Saturday, March 31, 2012

Passover

I know I have been on "radio silence" - in search mode as chair of the Bishop Search Committee in our Diocese and for an Associate Rector at St. Francis. Second one accomplished and first one nearing completion as Holy Week approaches, so maybe I'll resume blogging in the Easter Season. In the meantime, however, I wanted to share a fun video I came across this morning through Facebook. Click on the link, it's worth a few minutes of your time!
RMS

Passover Opera

Saturday, March 3, 2012

Proud to be a Hoya

Jack DeGioia, president of my alma mater, issued this statement yesterday in support of law student Sandra Fluke, rightly calling the latest outrageous rants of Rush Limbaugh and others "misogynistic, vitriolic, and a misrepresentation of the position of our student."

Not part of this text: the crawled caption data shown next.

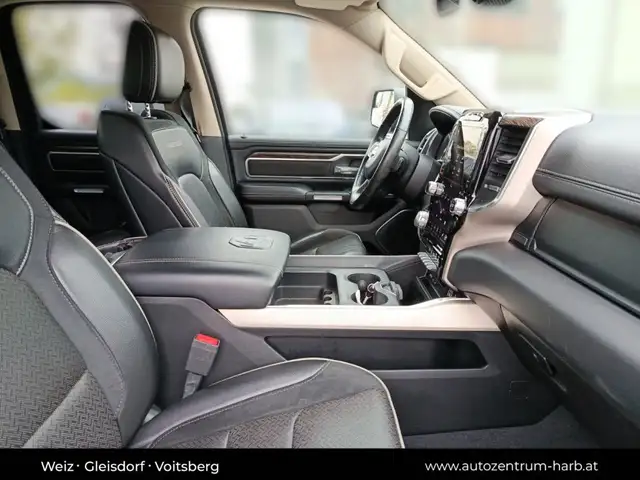 Dodge RAM 1500 Quad Cab Laramie Ansicht 24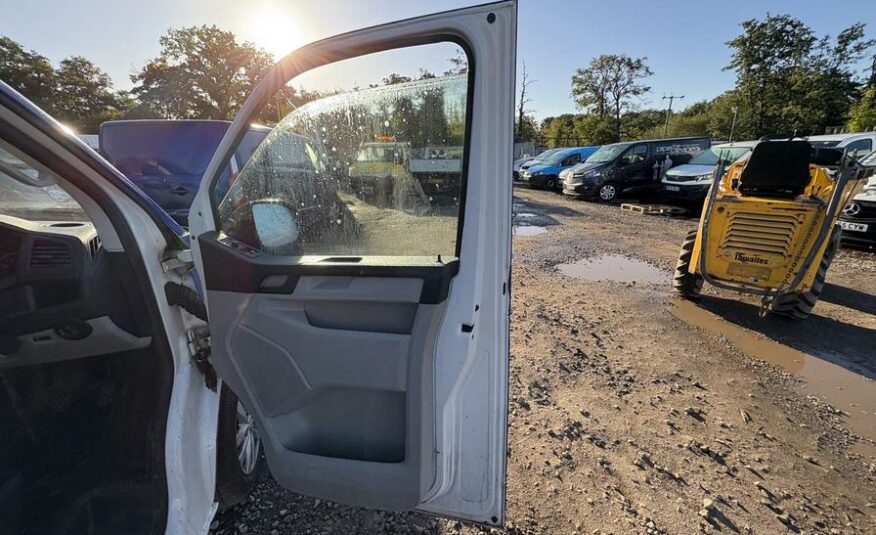 2019 Volkswagen Transporter Transporter T28 Highline TDI BlueMotion Technology – DE19VRY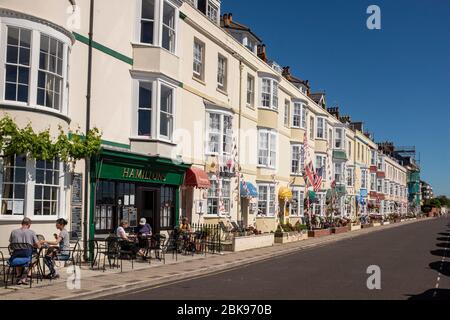 Georgianische Häuser und B&Bs, dekoriert mit Häschen entlang der Esplanade von Weymouth an einem sonnigen Sommertag in Dorset, England Stockfoto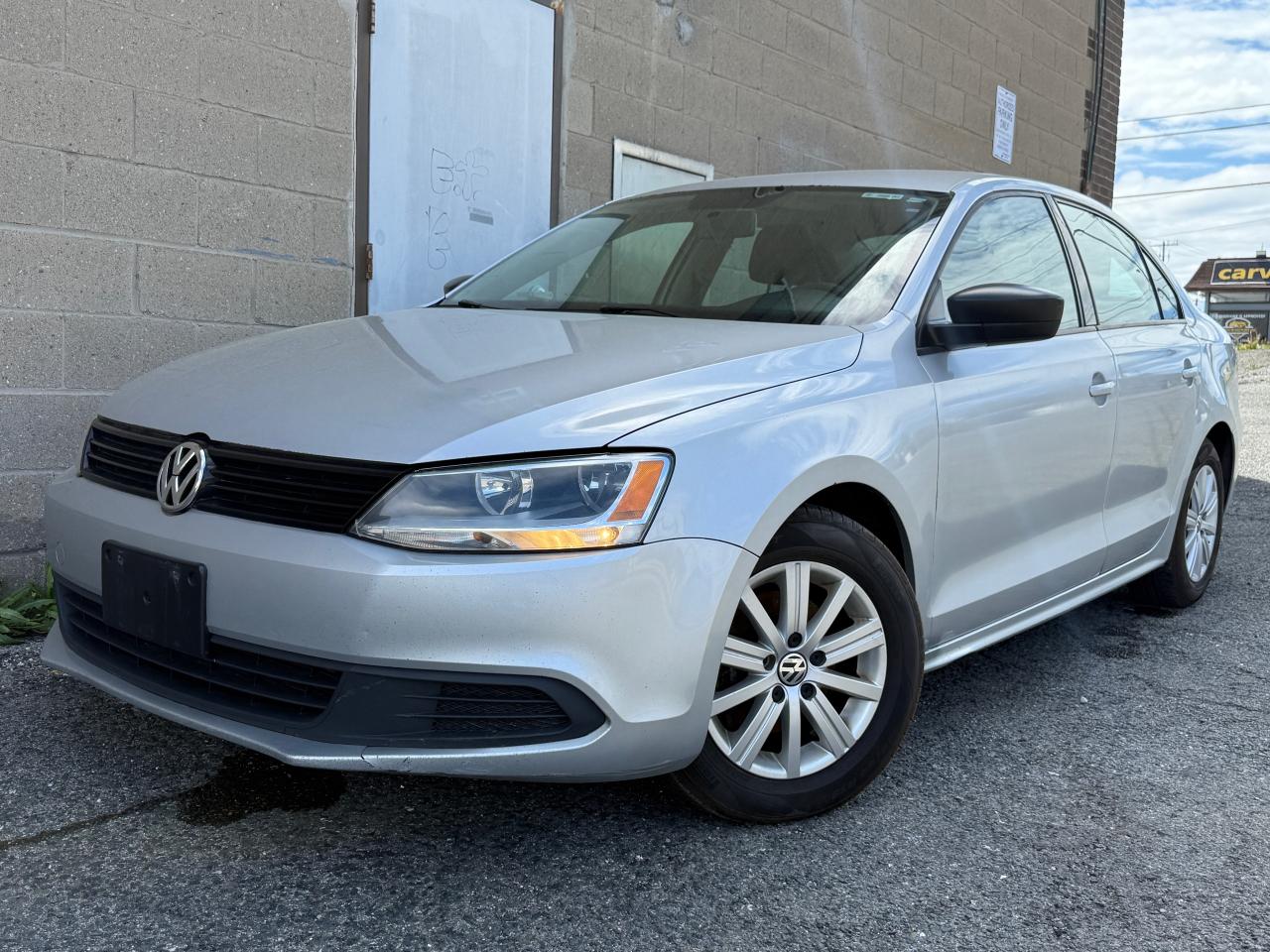 2012 Volkswagen Jetta 4dr 2.0L Man Trendline - Photo #1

The quote from St. Augustine is worth remembering not just on this topic but toward the end of practicing civil discourse on countless issues where people have strong points of view:
Let us, on both sides, lay aside all arrogance.  Let us not, on either side, claim that we have already discovered the truth.  Let us seek it together as something which is known to neither of us.  For then only may we seek it, lovingly and tranquilly, if there be no bold presumption that it is already discovered and possessed.
Sometimes we think that the very notion of "civil" discourse means we must compromise our passions and the truth we do see. To some it suggests "keeping the peace" at the expense of truth. But in fact, civility suggests no such thing. It simply means laying aside arrogance in pursuit of a deeper and more complex truth we do not yet see, and an awareness that this deeper truth must be sought together "as something which is known to neither of us."

Limbaugh and his kind embody the antithesis of civility and DeGioia is right to call him out on it.